China has announced that its economy expanded by 6.8 percent in the fourth quarter of 2015—the slowest growth since the global financial crisis in 2009. University of Michigan professors are available to discuss what’s going on in the world’s second-biggest economy:

Linda Lim is a professor of strategy at the Ross School of Business.

“The latest data out of China confirms what everyone already knows, in other words, GDP growth slowed in 2015,” she said. “This itself is not a problem if it reflects the impact of long-term structural reforms that the government has long said it wants, for example, SOE reform which would reduce output and employment.
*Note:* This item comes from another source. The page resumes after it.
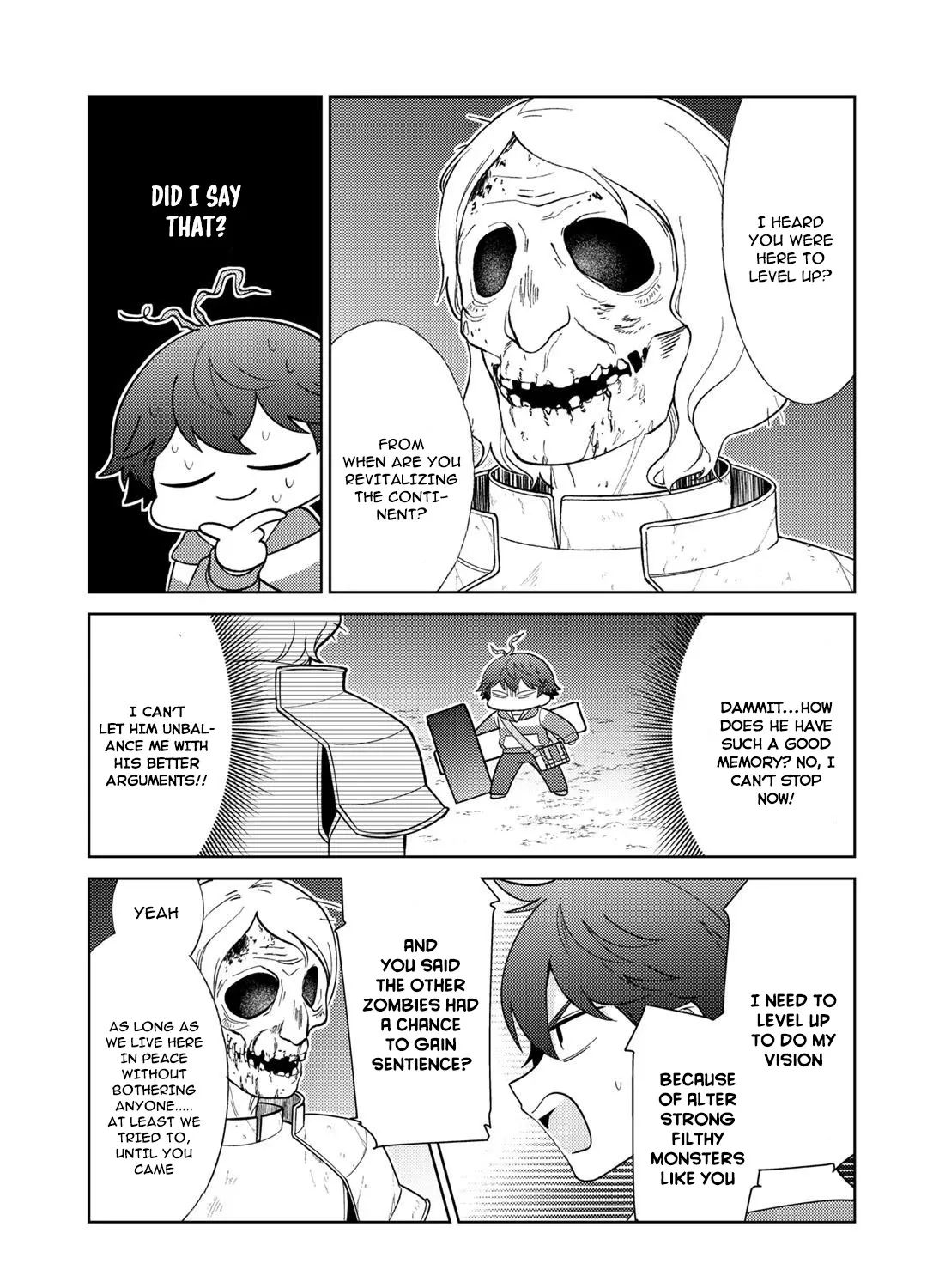 Seirei-tachi no Rakuen to Risou no Isekai Seikatsu Zinmanga X Chapter 25 Page 31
“But so far there haven’t been signs of major structural reforms being enacted. So the slowdown is mainly the result of China’s old investment- and export-driven manufacturing and infrastructure-centered economic model losing steam as expected, and short-term macroeconomic factors such as slowing external demand, monetary contraction resulting from government intervention to prop up the yuan, capital flight, debt overhang, etc.

“Conventional fiscal and monetary policy stimulus now have little room to maneuver, and it’s questionable if the government should even attempt them given reduced effectiveness and the risk that the distortionary incentives generated slow down the deeper structural reforms that are required.
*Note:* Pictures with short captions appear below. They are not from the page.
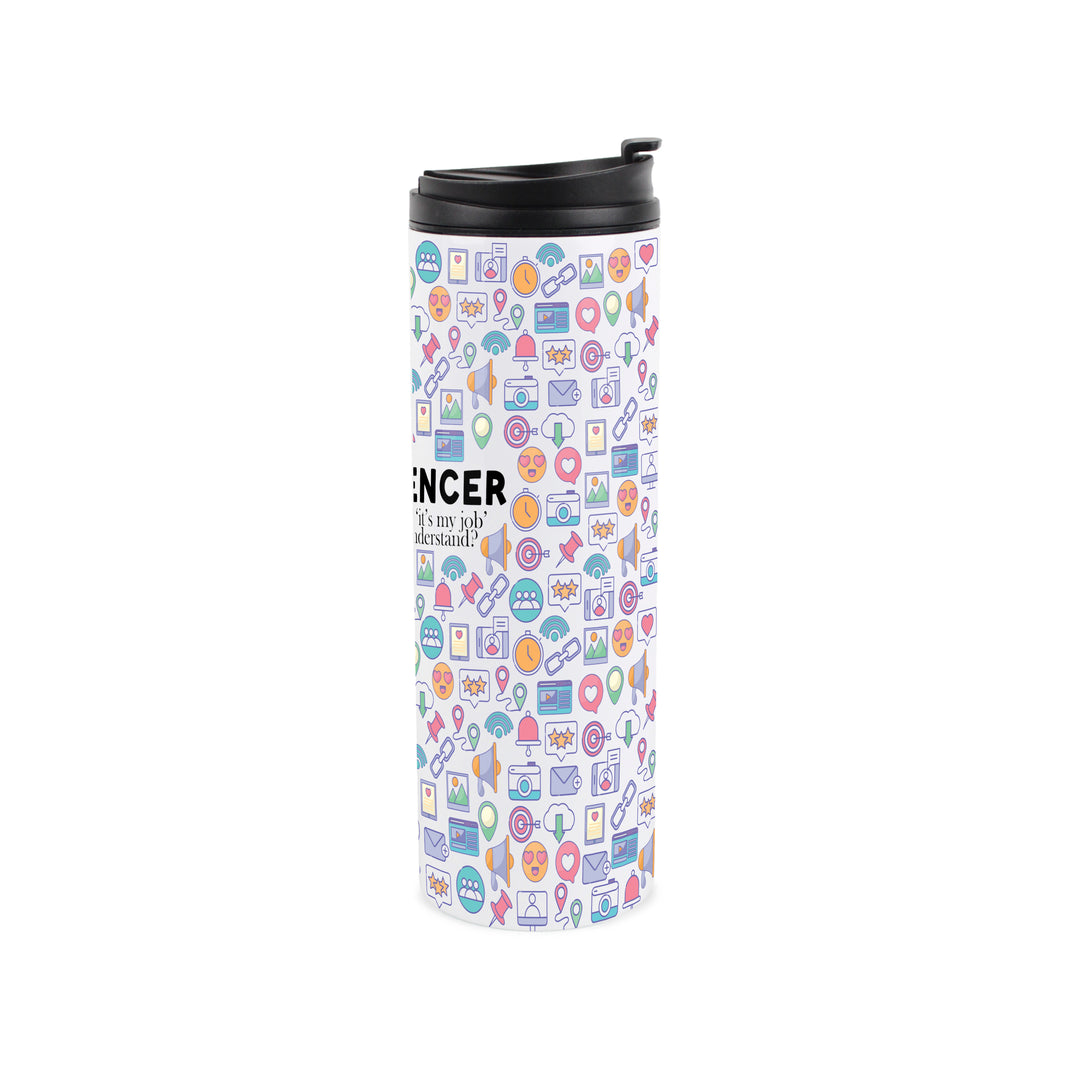 Purely Home Influencer Travel Flask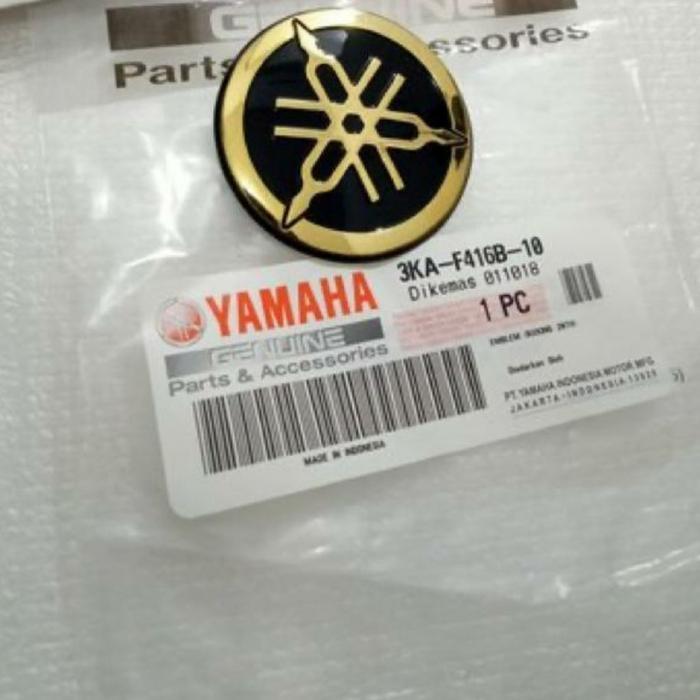 emblem garputala tangki gold rx king yamaha OSEAN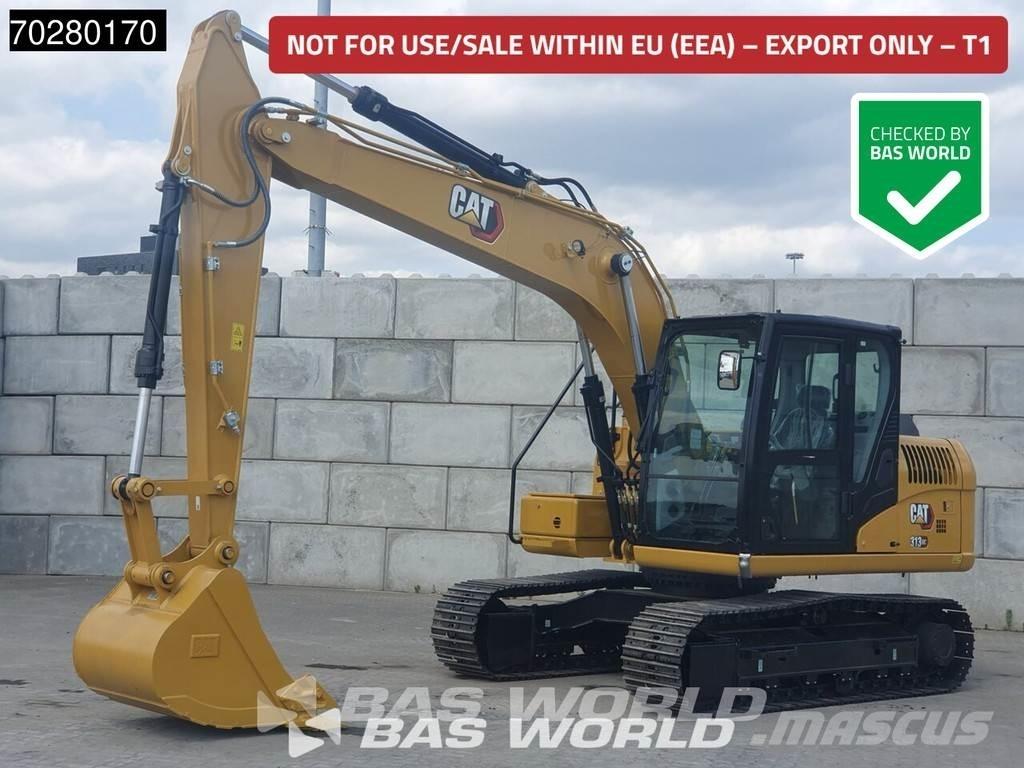 CAT 313 GC Escavadoras de rastos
“Perhaps both China and the world need to accept and get used to its ‘new normal’ of slower—but still positive and higher-than-world averages—GDP growth going forward.”
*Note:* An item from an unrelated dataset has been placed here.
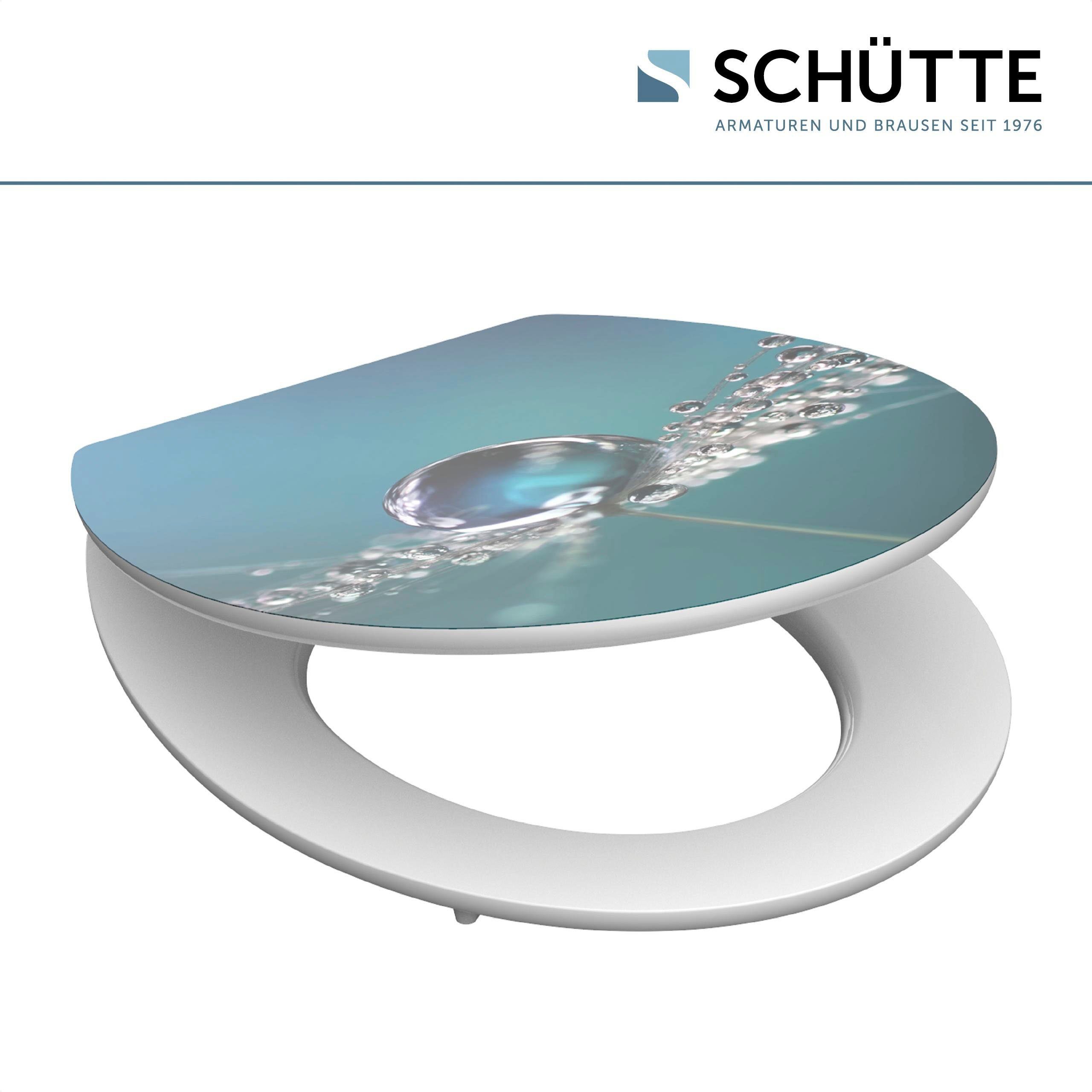 Schütte WC-Sitz Water Drop, High Gloss günstig online kaufen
Contact: 734-763-0290, lylim@umich.edu


Mary Gallagher, associate professor of political science and director of the Lieberthal-Rogel Center for Chinese Studies, is an expert on Chinese politics, law and society.

“China’s lower GDP numbers should be expected as the government attempts many ambitious changes at once—reforms of the financial system and the state sector, an anti-corruption campaign that eliminated many of the self-enriching incentives for local officials to boost growth, and a transition from over-reliance on government investment in fixed-assets to consumption based growth,” she said. “The key question now is whether the government bit off more than it can chew.”